The crisis ended after 78 days of negotiations after both sides struck a deal: the barricades made of dirt and mangled police vehicles were to come down in return for the cancellation of the golf course expansion.

John Cree, one of the Mohawks leading the march, reminded the assembled people that the disputed territory remains unceded. He said much of the surrounding land, which the Mohawks claim, is under threat of development.

"That's why we're marching today," he said. "Not to show off but to say 'Hey, you owe us.' This is our land. We don't have to claim it. You don't have to claim something that's yours."

Many of the other speakers focused on conciliation and healing.

Francine Lemay, the sister of the slain police officer, said the crisis led her to eventually discovering the history of the Mohawks and the injustices they have suffered.

Since 2004 when she first visited the community and read -- and eventually translated into French -- a book on Mohawk history, she has dedicated her time to bridging cultural divides.

She has given herself the mandate of "peacemaker" in order to help build bridges between communities. She says she has seen an increased desire among Canadians to learn more about First Nations.
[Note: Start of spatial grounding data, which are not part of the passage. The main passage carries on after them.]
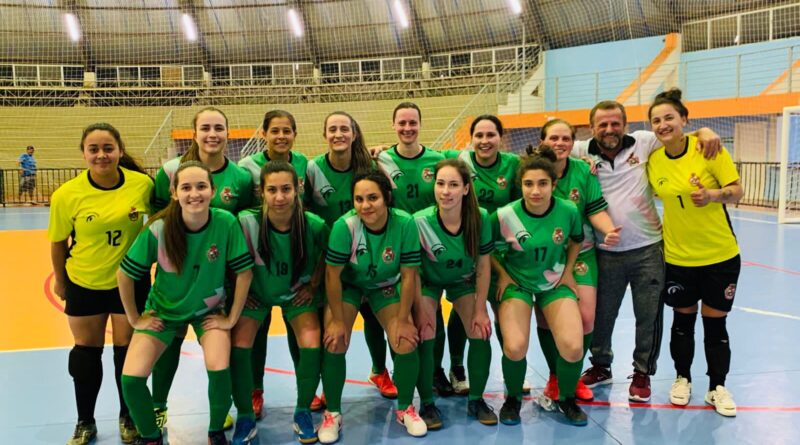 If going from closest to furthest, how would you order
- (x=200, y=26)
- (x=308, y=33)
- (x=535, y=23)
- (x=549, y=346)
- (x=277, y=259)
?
(x=277, y=259) < (x=549, y=346) < (x=535, y=23) < (x=200, y=26) < (x=308, y=33)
"People ask, explore, search, regret, act but much still needs to be done concerning recognition and reparation of wrongs," she said at Saturday's event.

The ceremony at Oka included both First Nations leaders and members of both municipal and provincial governments, including Aboriginal Affairs minister Geoff Kelley.

Kanesahtake Grand Chief Serge Simon shook hands with Oka mayor Pascal Quevillion. The two have agreed to jointly fight any development in the disputed land, known to the Mohawks as "the pines."

Quevillion said the gesture was just "officializing" a reconciliation that has been going on between the town of Oka and its Mohawk neighbors for years.

"It's been going well for several years now," he said. "We share commerces, and the two communities work together daily. I can't speak for all the citizens of the two communities, and some might still have bad feelings, but in general reconciliation has been done for several years."

Simon said the anniversary brought back many strong emotions and "things I haven't thought about in 25 years," including the persecution of Mohawk activists by provincial police.

" 1/8I still have 3/8 a lot of anger, yes, and there's still some hatred there, but I'm trying to put it down, because I don't want it any more. I don't want to carry it any more."

The day's events also included a feast, lacrosse game and other festivities.

The event continues Sunday, when the focus shifts on honouring the community's residential school survivors.